Llegamos al “banco de sangre” ya de
noche. Estaba en un callejón sin luces. Lejos de parecer un
laboratorio, era una casa, un chalecito enrejado, en sombras. Toqué
timbre.
Un joven me acercó dos unidades de
sangre que pasó a través de los barrotes. “¿No me vas a abrir la
puerta?” No lo hizo. Pasé el abultado fajo de billetes (la sangre
canina se paga en riguroso efectivo).
“¿No me das ningún certificado o factura?”. “Nuestros
donantes...”, empezó a decir el chico. Me di media vuelta y me fui
porque imaginé, en el garage, a cien perros colgados de ganchos,
desangrándose lentamente.
Continuamos con el trámite. A las
cuatro de la mañana devolvimos la perra a su casa. No se murió.

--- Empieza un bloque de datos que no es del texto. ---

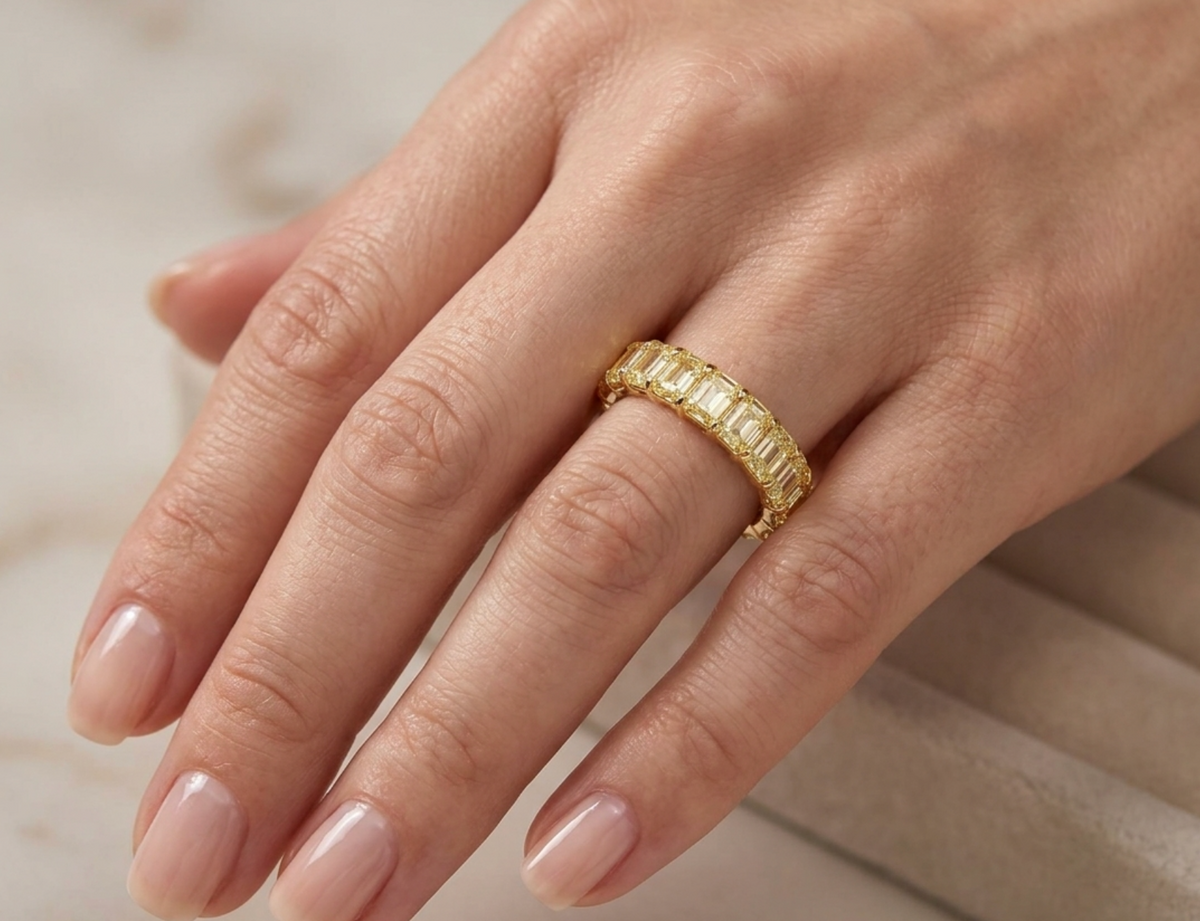 6.46 Carat Total Weight Fancy Yellow Diamond Emerald Cut Eternity Band in 18K Yellow Gold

Pero dejamos de atenderla con esa vendedora de sangre que parecía
salida de una película de Tarantino. La sangre clandestina que en la
alta y oscura noche se retira de lugares que será imposible después
reconocer en un mapa.
Me informé. El negocio de la sangre
canina es bastante redituable y, como aparentemente no está
regulado, se presta a intercambios en los que la desesperación ante
una muerte inminente potencia la inmersión en una sociedad bizarra.
“Un negociado”, me dijeron.
Me acordé de todo esto el martes
pasado, cuando llevé a otro perro para hacerle un análisis de
sangre y en la veterinaria rechazaron mi tarjeta porque los
laboratoristas sólo reciben la sangre con los billetes al lado
(imaginé incluso: atados alrededor del tubo).
Es el reino sanguinario de Cruella de
Vil.
La puta que los parió (Perdón, Daniel, estás en tu derecho de no publicar este comentario pero me indigna.)